▸ **GOAL OF THE EXERCISE**: Reproduce the entries verbatim; no pictures.

▸ **DATA**:

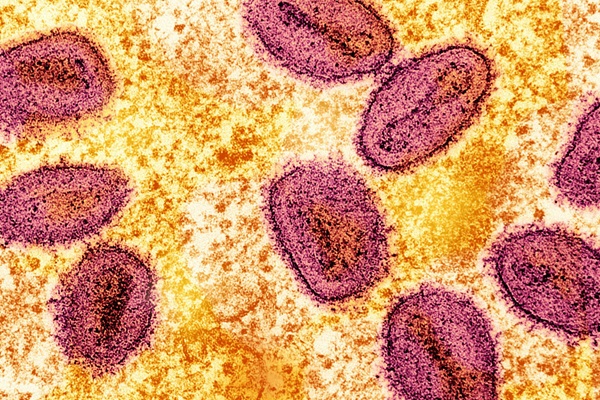 national-institute-of-allergy-and-infectious-diseases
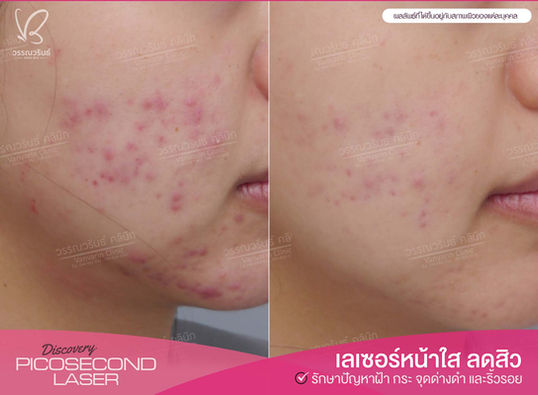 _6BEFORE & AFTER.jpg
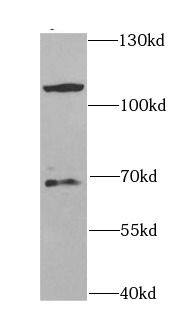 CBLB Antibody - BSA Free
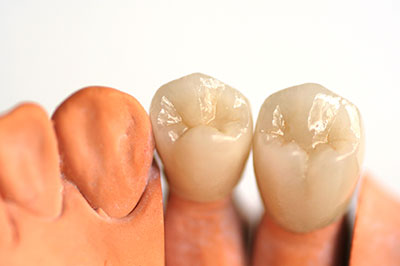 An image of a pair of dentures with artificial teeth and gums, placed side by side on a white background.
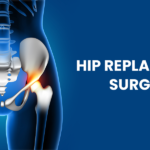 How to Find the Right Hip Replacement Surgeon in Ranchi for Your Needs?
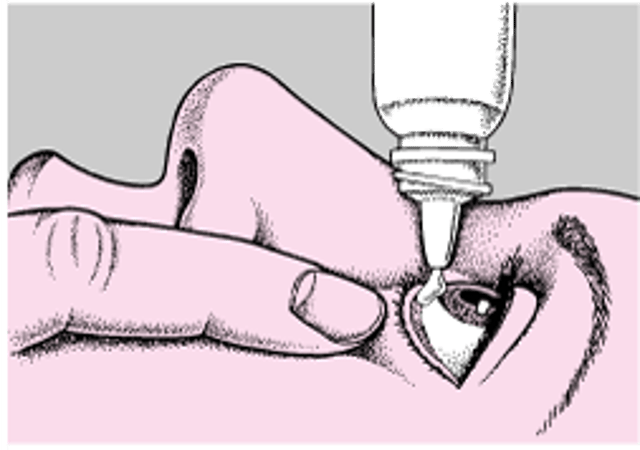 استخدام القطرات والمراهم العينية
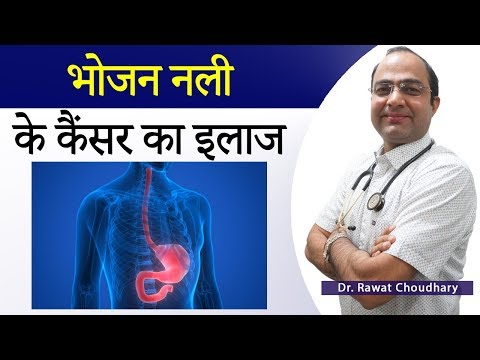 एसोफाजाल कैंसर | भोजन नली का कैंसर | Esophageal Cancer | Esophageal Cancer Best Treatment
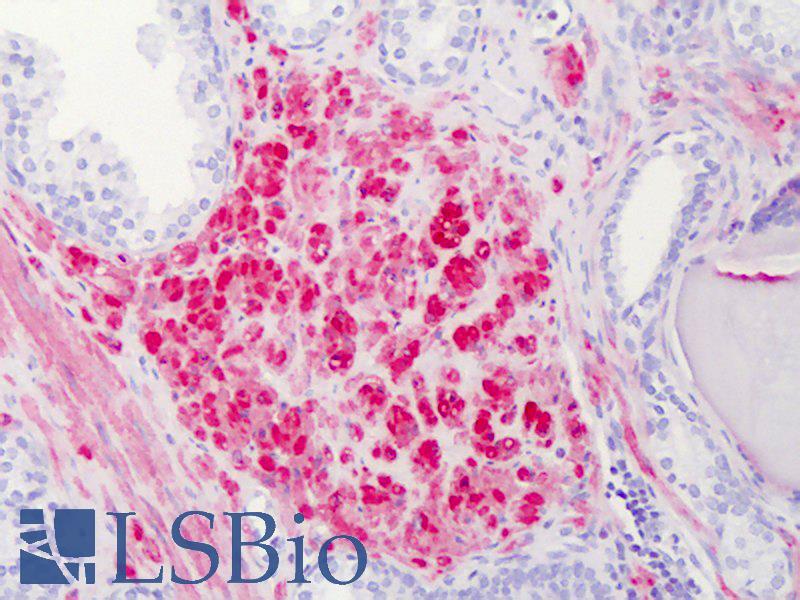 CNN1 / Calponin Antibody - Anti-CNN1 / Calponin antibody IHC of human prostate. Immunohistochemistry of formalin-fixed, paraffin-embedded tissue after heat-induced antigen retrieval. Antibody concentration 5 ug/ml.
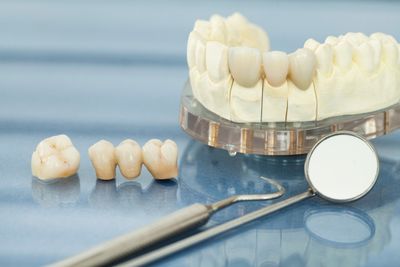 Crowns — Visual Of Dental Health Care in Henderson, NC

▸ **ANSWER BOX**:
 national-institute-of-allergy-and-infectious-diseases
 _6BEFORE & AFTER.jpg
 CBLB Antibody - BSA Free
 An image of a pair of dentures with artificial teeth and gums, placed side by side on a white background.
 How to Find the Right Hip Replacement Surgeon in Ranchi for Your Needs?
 استخدام القطرات والمراهم العينية
 एसोफाजाल कैंसर | भोजन नली का कैंसर | Esophageal Cancer | Esophageal Cancer Best Treatment
 CNN1 / Calponin Antibody - Anti-CNN1 / Calponin antibody IHC of human prostate. Immunohistochemistry of formalin-fixed, paraffin-embedded tissue after heat-induced antigen retrieval. Antibody concentration 5 ug/ml.
 Crowns — Visual Of Dental Health Care in Henderson, NC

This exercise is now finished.